====== RECORDS SHOWN
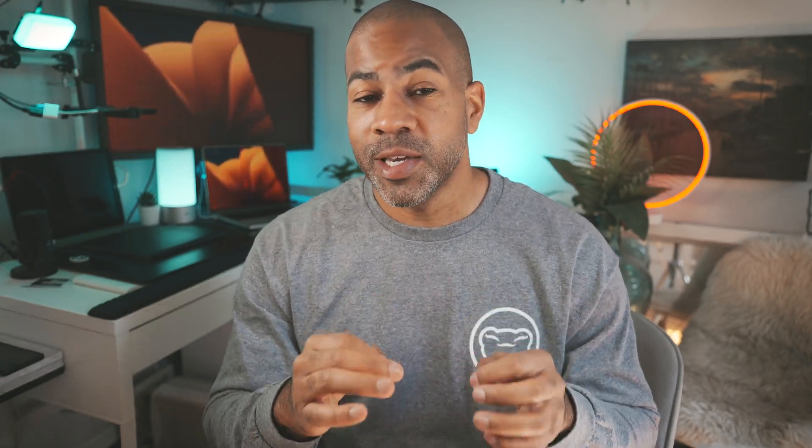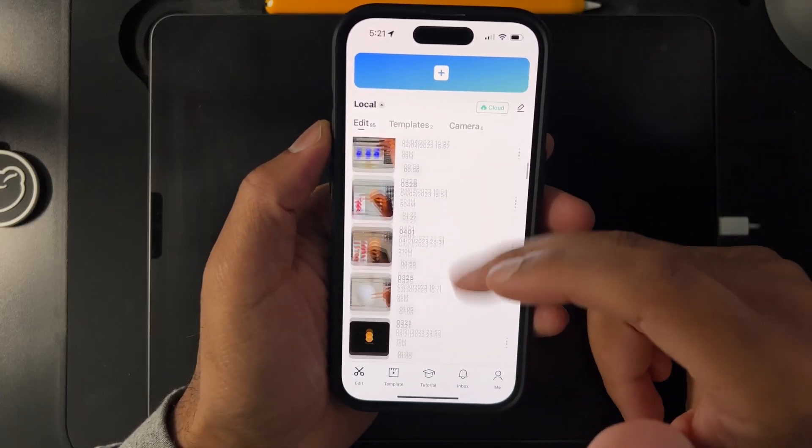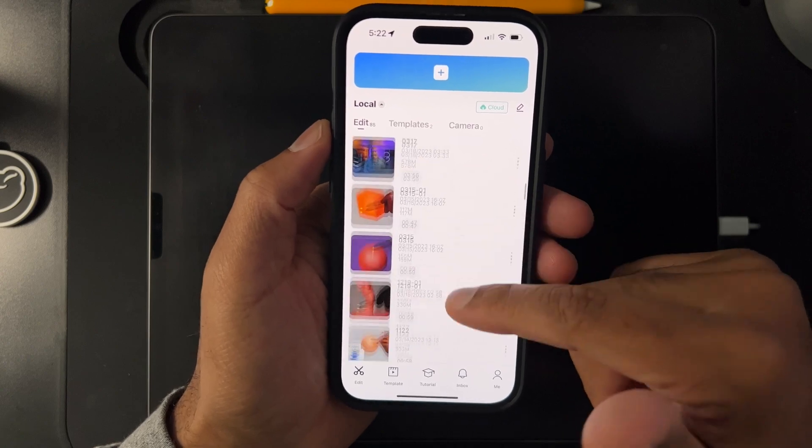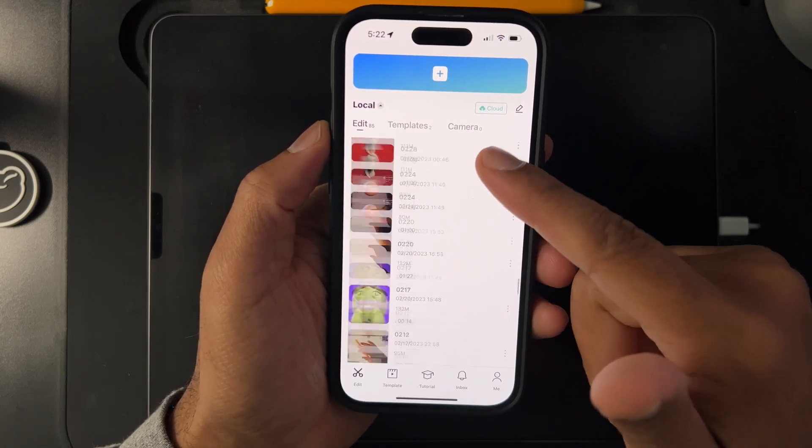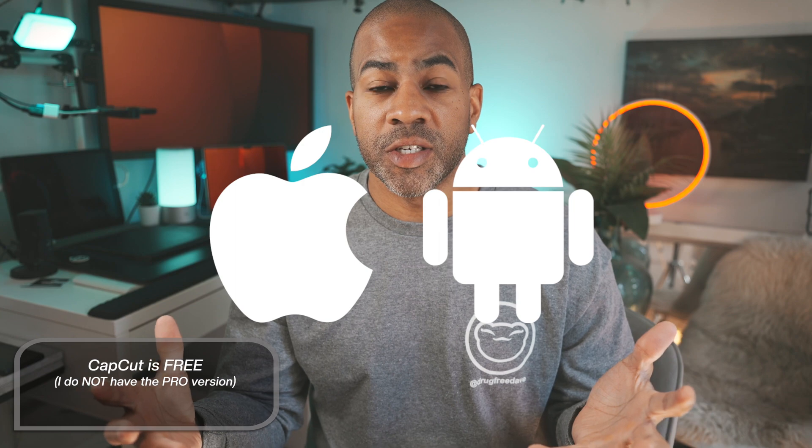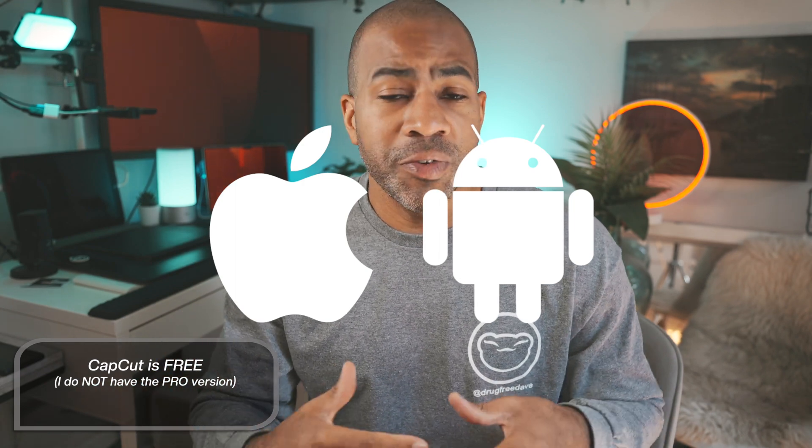We're going to focus on mobile because I use CapCut for all of my videos — TikTok, Instagram Reels, Facebook — they all go through CapCut. It's a free application, and if you want to be a content creator, or if you just want to make cute little videos, even if it's just adding a watermark — a lot of people add watermarks so that people don't steal their artwork or their videos.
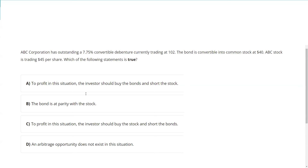Greetings and salutations, test takers. This is the Series 7 Guru coming to you from my studio here in fabulous Las Vegas with an explication request. You can send any explication request you may have to explicationrequest@guruexamprep.com. Here's today's question request.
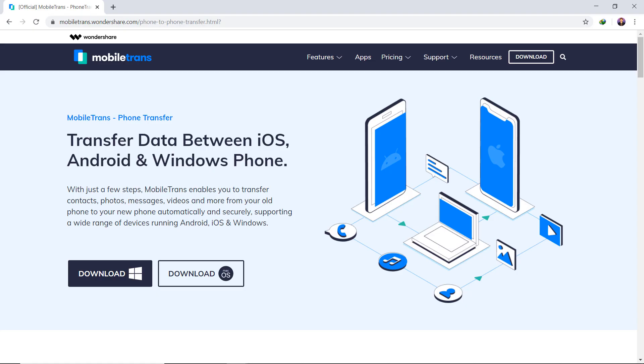First of all, download MobileTrans software in your computer. I have given the download link in the video description. You can follow that link.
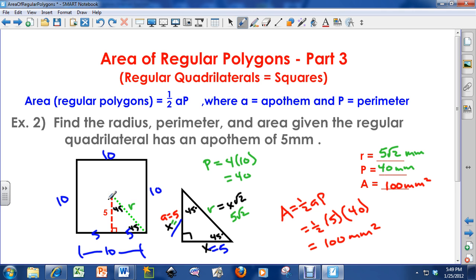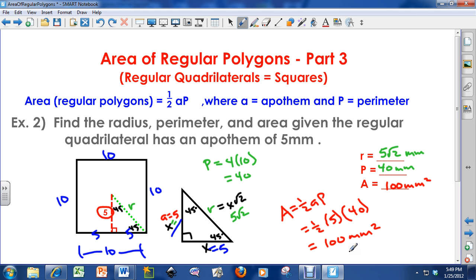There's also a shortcut here — doubling the apothem gives the side length, so the side would be 10. You can find the perimeter and then the area quickly. And again, side squared gives the area of a square, so 10 × 10 = 100 millimeters squared as well. Hopefully this helps you understand how to find the area of regular polygons, specifically regular quadrilaterals or squares. Have a good day, everybody. Bye.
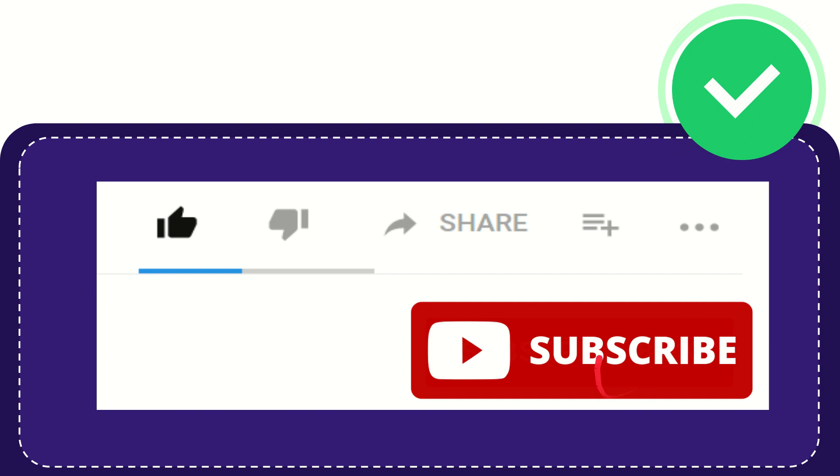And yeah don't forget to subscribe. I think that's all of it. Thank you so much for watching this video and see you again in another video. Bye bye. See you again.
============
EXERCISE AIM = All lines from the one containing "There's also a" through the final line of the entries above are to be copied exactly; the pictures are not.

RESPONSE =
There's also a shortcut here — doubling the apothem gives the side length, so the side would be 10. You can find the perimeter and then the area quickly. And again, side squared gives the area of a square, so 10 × 10 = 100 millimeters squared as well. Hopefully this helps you understand how to find the area of regular polygons, specifically regular quadrilaterals or squares. Have a good day, everybody. Bye.
And yeah don't forget to subscribe. I think that's all of it. Thank you so much for watching this video and see you again in another video. Bye bye. See you again.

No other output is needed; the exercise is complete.